Toni Erdmann (2016)

toni-erdmann-2016

Directed by Maren Ade
Country: Germany / Austria

With the farcical comedy-drama “Toni Erdmann”, German director Maren Ade enriches her narrow yet impressive filmography. This is her third feature and an excellent follow-up to “Everyone Else”, a laid-back examination of a couple’s relationship within a peculiar environment, which got accolades in 2009’s Berlin and Buenos Aires Film Festivals.
Despite distinct in nature, “Erdmann” sticks to the topic of human relationships, only this time focusing on father and daughter.

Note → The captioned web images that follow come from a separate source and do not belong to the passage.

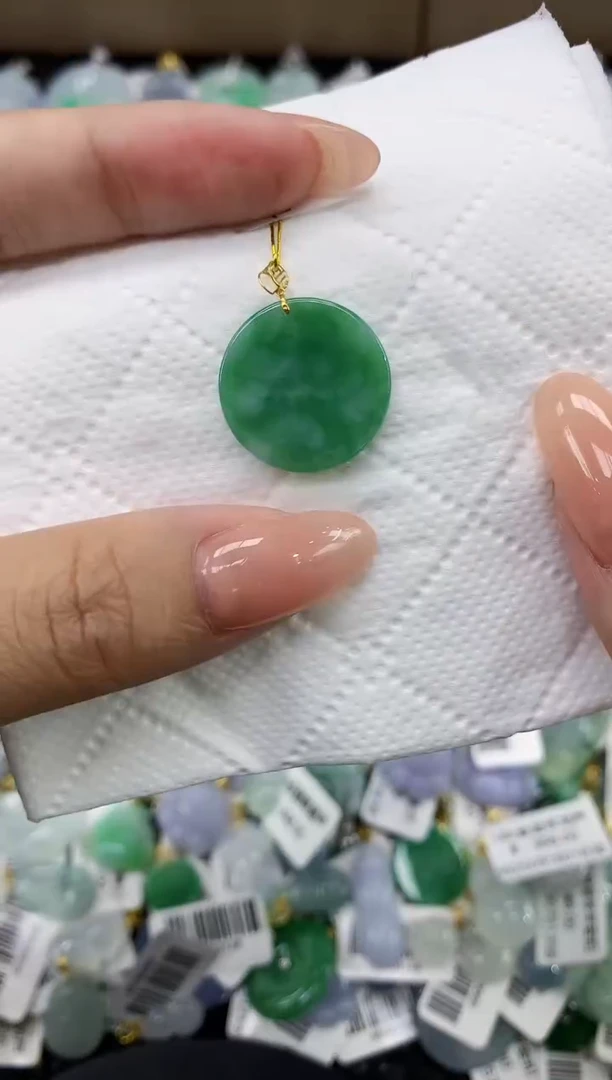 颈饰18K金镶嵌翡翠11111111111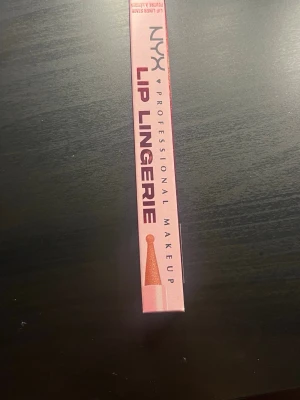 NYX Lip Lingerie nude - De är helt nytt och aldrig använt! Skriv gärna för frågor💕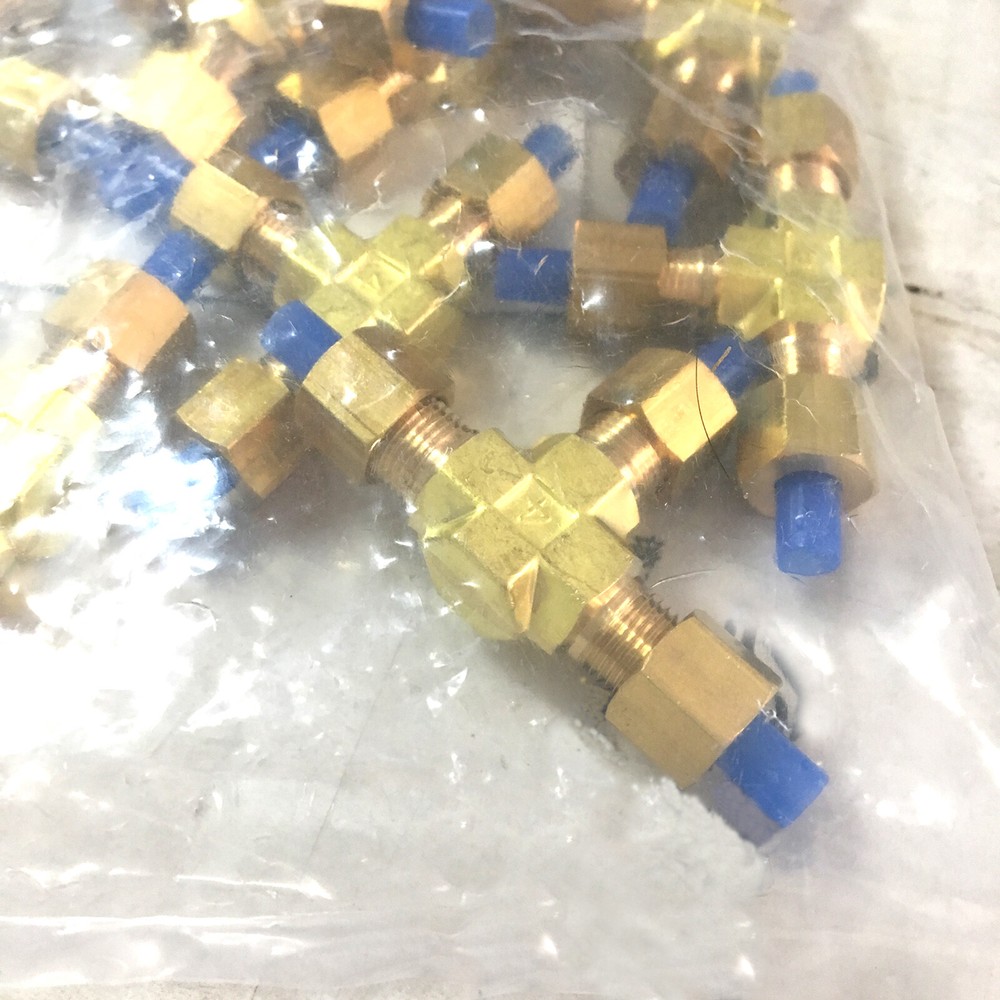 1pcs SMC KFT04-00 embedded connector brass joint T-type tee new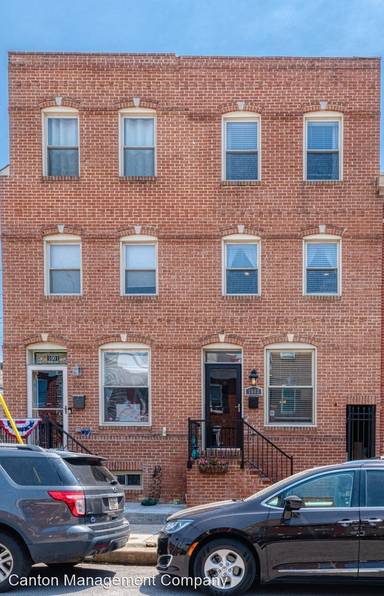 Main picture of 1003 S Baylis St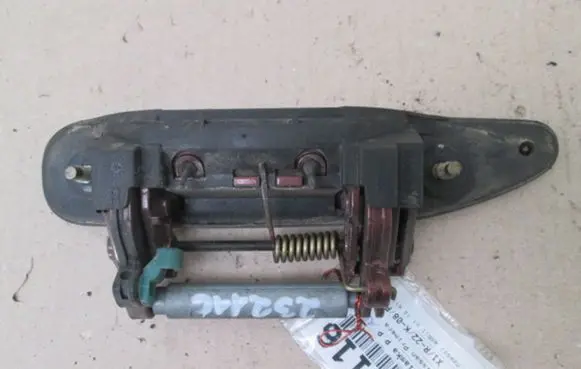 Nissan Primera Front door exterior handle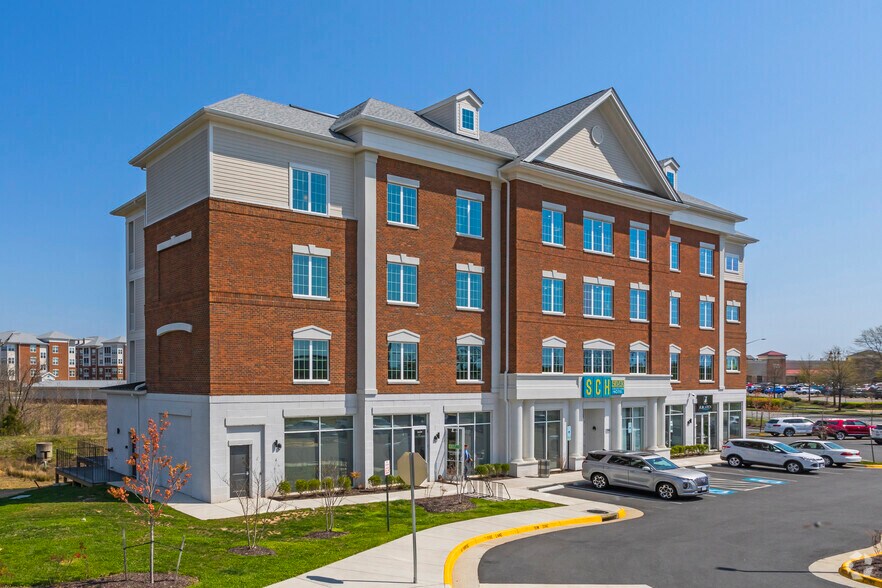 2200 Carl D Silver Pkwy, Fredericksburg, VA à louer - Photo de l’immeuble – Image 2 sur 32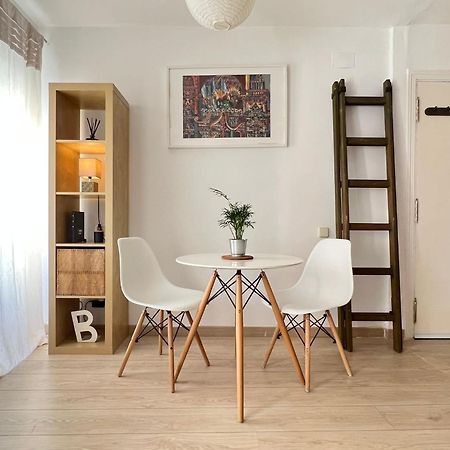 Lovely Studio Con Balconcitos Мадрид Екстериор снимка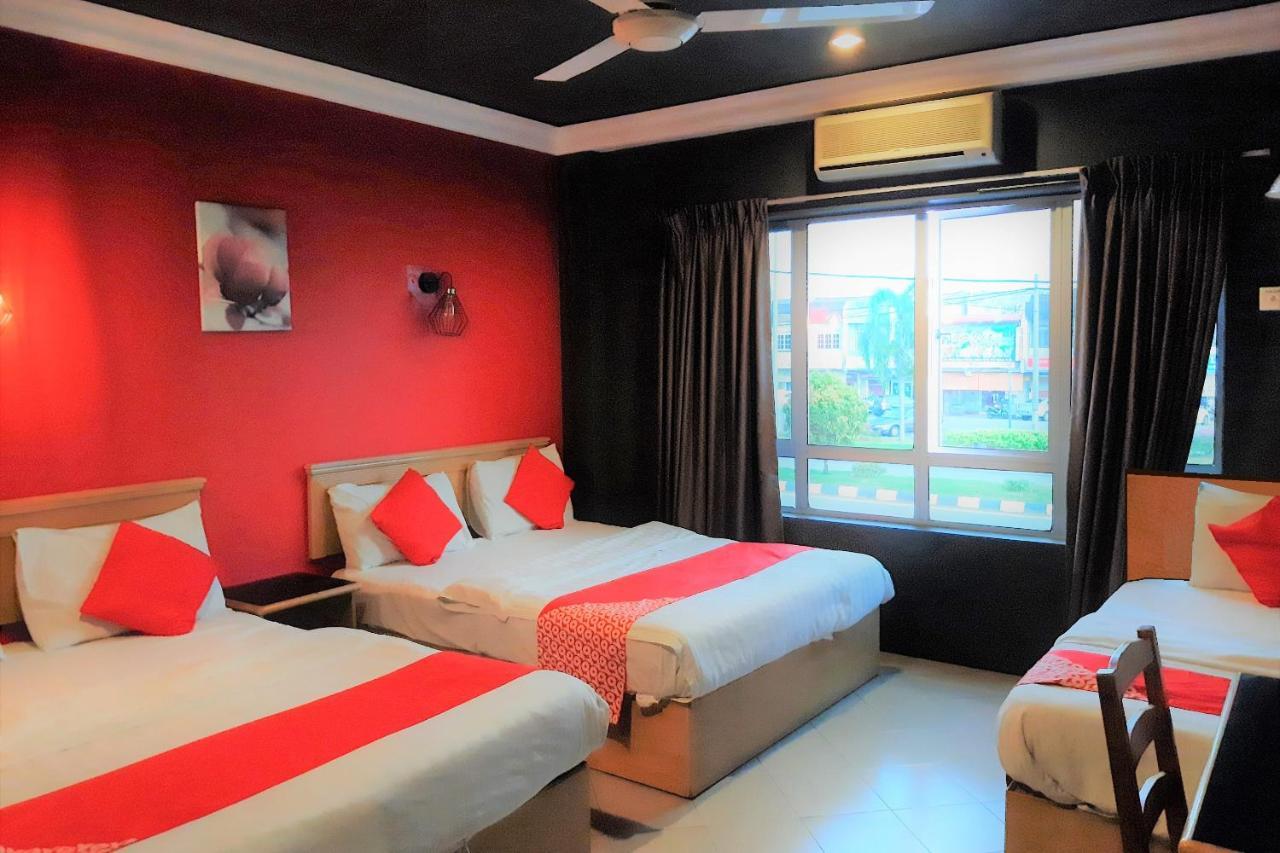 Oyo 90050 V Hotel Teluk Intan Exterior foto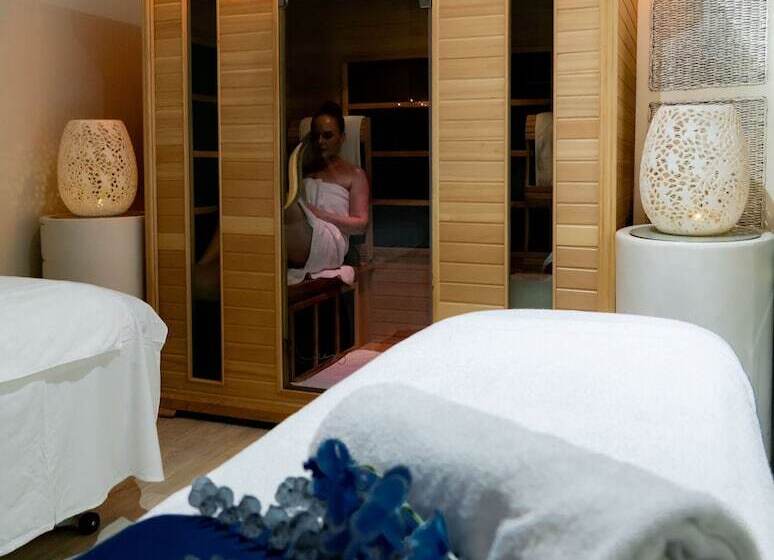 هتل Your Stay In Surfers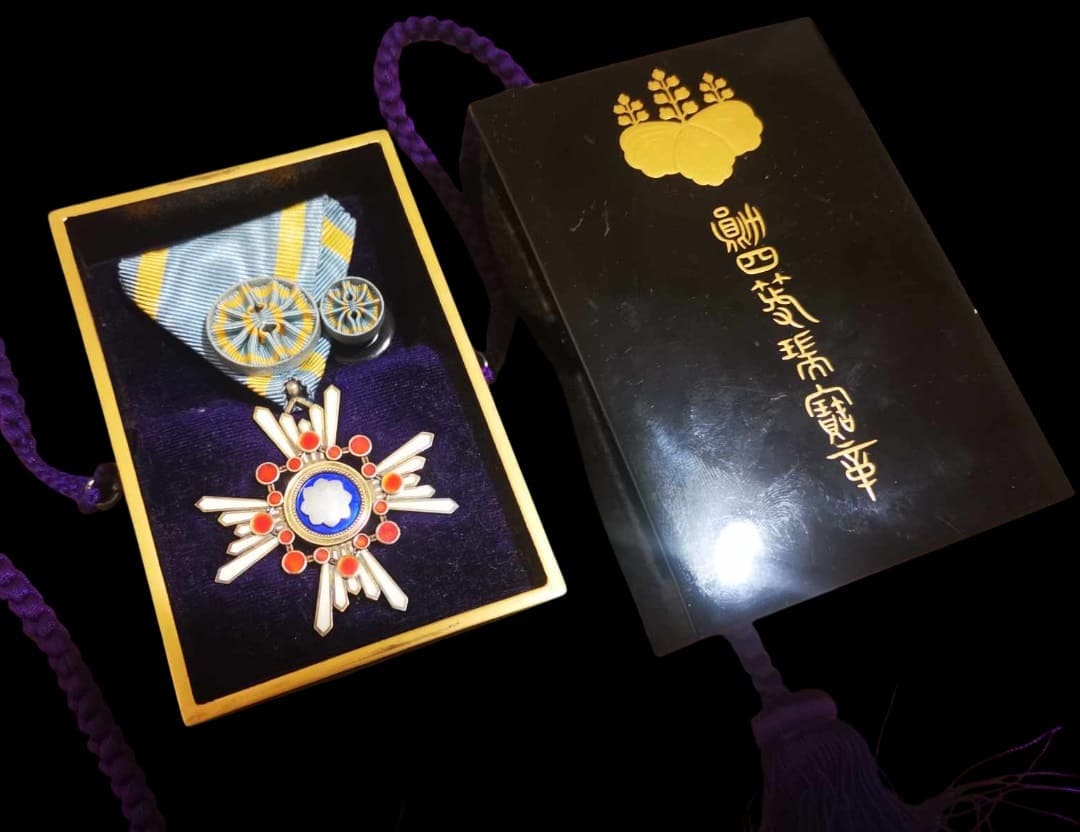4th class Order of the Sacred Treasure in Case for a Foreigners.jpg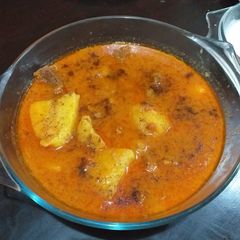 A picture of Aalu gosht.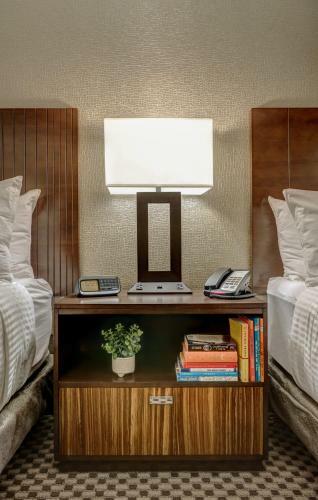 The Garrison Hotel & Suites Dover-durham, Ascend Hotel Collection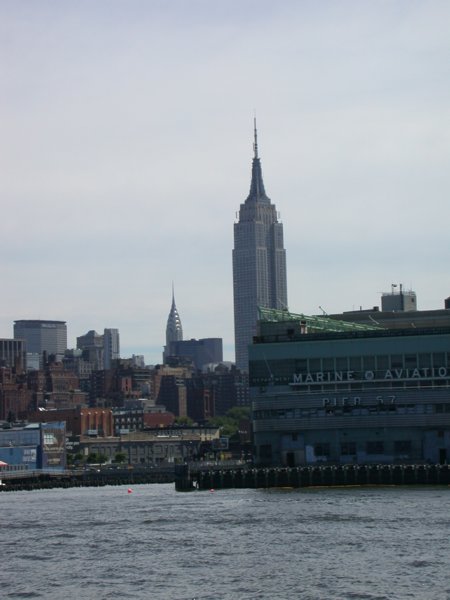 cruisesouth41.jpg 
450 x 600 compressed image 
(36,870 bytes)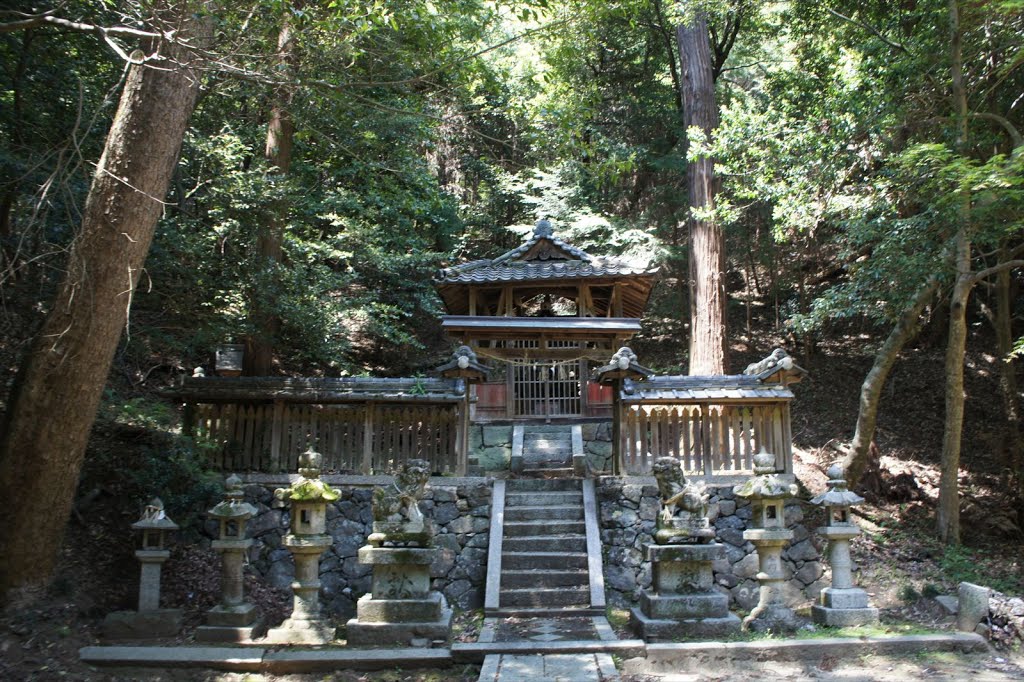 束明神古墳（春日神社） by scenery2012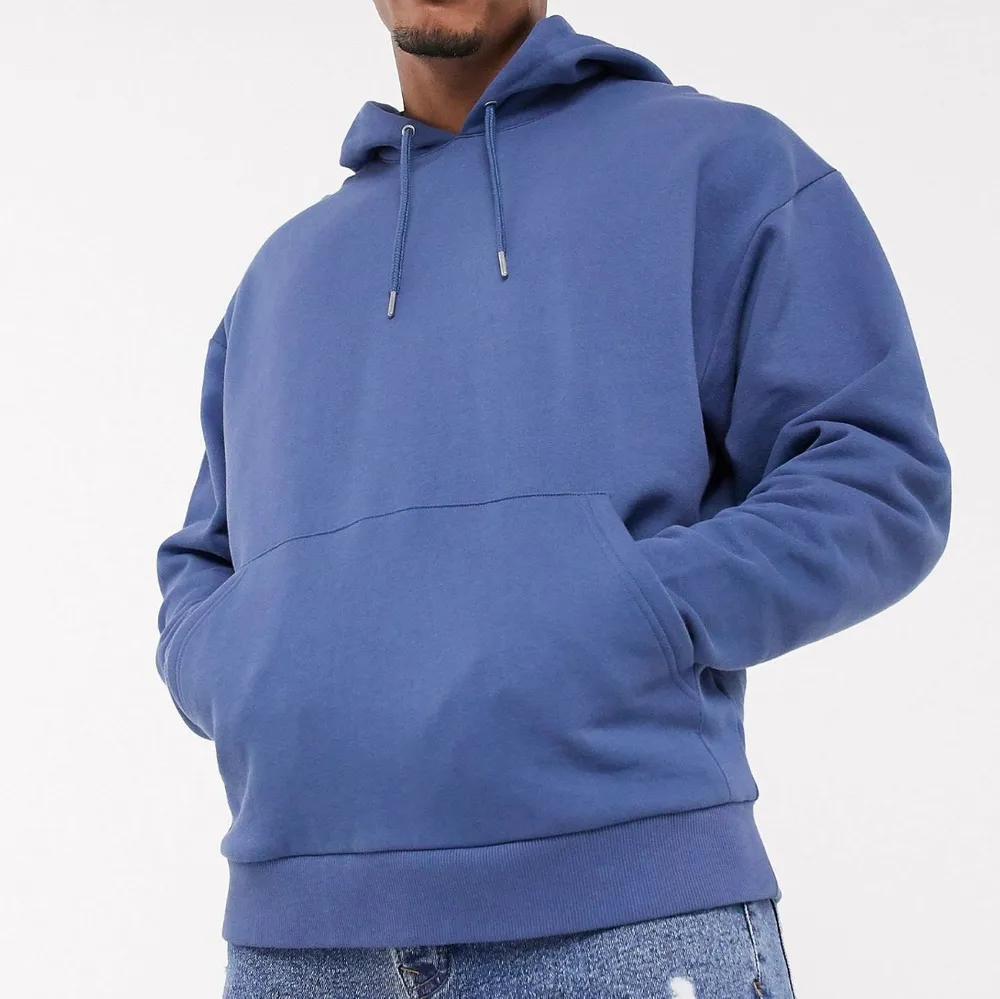 Säljer denna fina blåa hoodie från ASOS mansavdelning. Den är i strl XS men den är oversized på mig som oftast brukar ha xs/s. Har inte använt den en endaste gång så den är i toppenskick. . Hoodies.
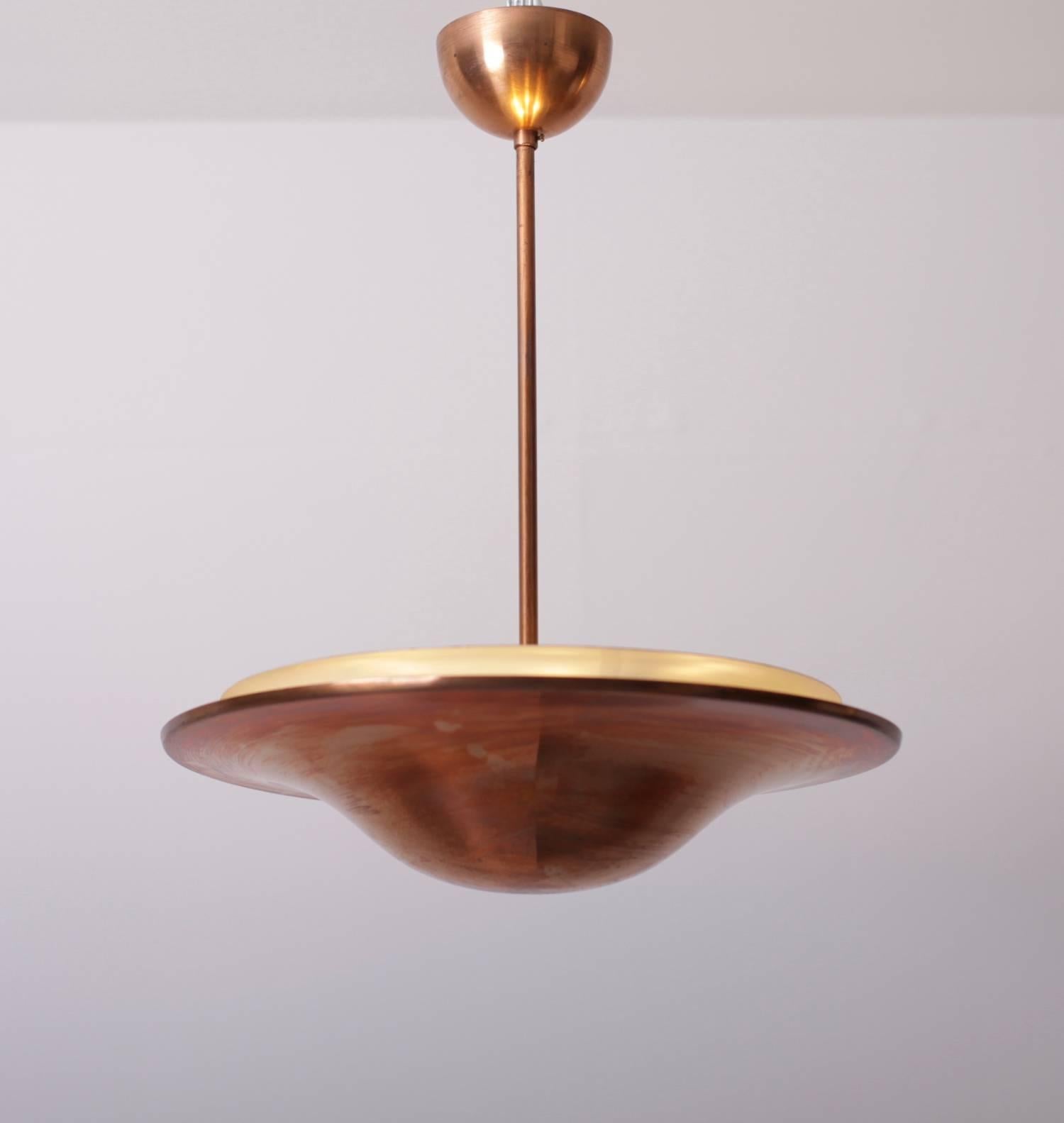 A unique copper pendant lamp from the 1930s in excellent vintage condition.
4 x E27
To be on the safe side, the lamp should be checked locally by a specialist concerning local requirements.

Peter Simonischek and Sandra Hüller play with all their hearts Winfried and Ines Conradi, respectively father and daughter. 
Winfried is a spirited music teacher with a compulsive tendency for off-the-wall pranks. To better succeed in them and fulfill his harmless bizarreness, he often disguises himself of various freakish kinds. Being divorced and with his only daughter living abroad, Winfried’s regular company for some time now has been Willy, an old dog that, with no suffering, ends up dying in the front yard.
This happening marks a transition point in his miserable existence. It makes him apprehensive, not plaintive, though.

The sensations of loss and loneliness get deeper when he thinks of Ines, an ambitious workaholic who hardly has time to talk to his father, not even when she visits him on his birthday. Currently working in the oil industry field in Bucharest, Romania, Ines shows great anxiety and urgency of returning to her work.

Without further notice, Winfried decides to go to Romania to stay a month with Ines, who welcomes him more with respect than enthusiasm. Disappointed and worried with the lamentable life Ines is living, Winfried decides to help her by creating an outlandish persona called Toni Erdmann. He wants to get the horrible taste of the filthy world of business by becoming a cynical insider.

Even distinctive, Ms. Ade’s very-European approach introduces fractions of Michael Haneke’s mordant vision on alienation, Ulrich Seidl’s in-your-face provocations, and Roy Andersson’s half-dark half-absurdist humor in order to proclaim her strong social criticism.
Sometimes there’s only a very thin line separating pretense and honesty, artificiality and authenticity, happiness and sadness…

Toni Erdmann” is corrosively biting, surprisingly human, gloriously hardcore, and extremely liberating. 
After two hours and forty minutes, it leaves us with one simple question: what’s worth of living?